Quise engañarme a mí mismo, pero sin saberlo. Condicionarme a pensar y actuar de forma altruista, y poco común. Y eso, aunque no guste, te hace luchar en pro de un destino incierto. Ser cauto no tiene sentido. Prever el resultado, confiere una dificultad fuera del alcance de un utópico. Y todo esto, más temprano o más tarde, produce el choque contra el duro y cruel muro de la realidad, siempre expectante a mis actos. Siendo la sensación más parecida, a una bofetada de un padre en plena excitación de su hijo. Acaban dejando tu ego renegado al pisoteo de una estampida de búfalos histéricos.
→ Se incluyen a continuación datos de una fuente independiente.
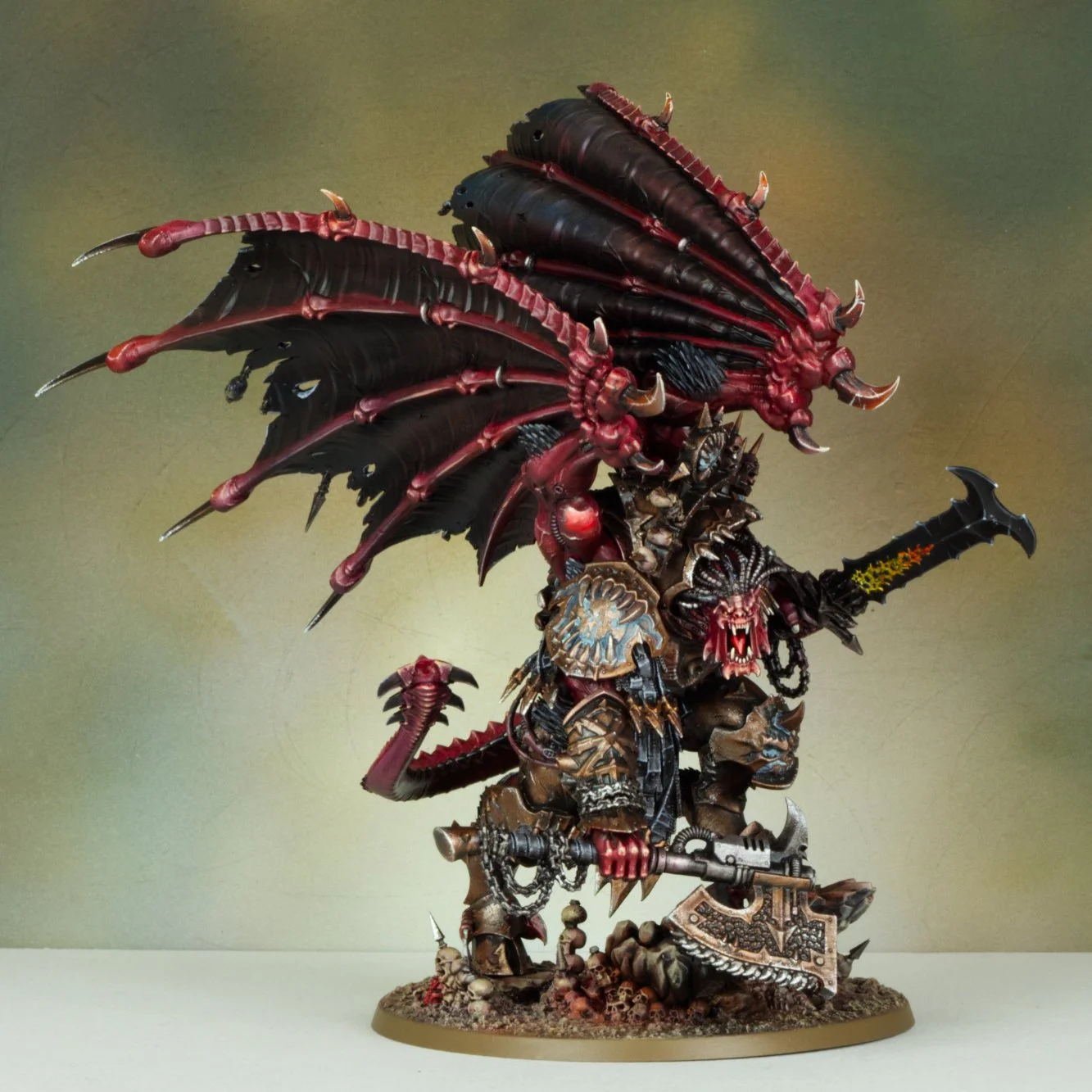 A detailed fantasy figurine of a demon warrior with large bat-like wings, armor, and a sword, standing on a rocky base with skulls.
Y es que muchos podrían decirme “Tú te lo buscaste Javier”. Pues bien, en mi defensa (si es que llega a importar en estos momentos), decir que hice caso a un estímulo puramente intrínseco, como un chispazo en plena apoteosis, que siempre produce un cortocircuito, y éste hace arder los cimientos. Yo lo vi, y permití. Dejé que ardiese. Desconozco el material del que estoy hecho, pero ignífugo no es. Y hoy por hoy, sus cenizas humeantes, me hacen recordar con confusa nostalgia, qué bonito fue verlo desde primera fila. Atento a cada momento, y disfrutando de su melódica destrucción.
Los desechos caóticos de mis actos, se amontonan a expensas de ser recogidos para su pronta reconstrucción. Pero con una idea fija en la mente, volver a prenderle fuego, será cuestión de lo que tarde en producir la exenteración mí tiempo.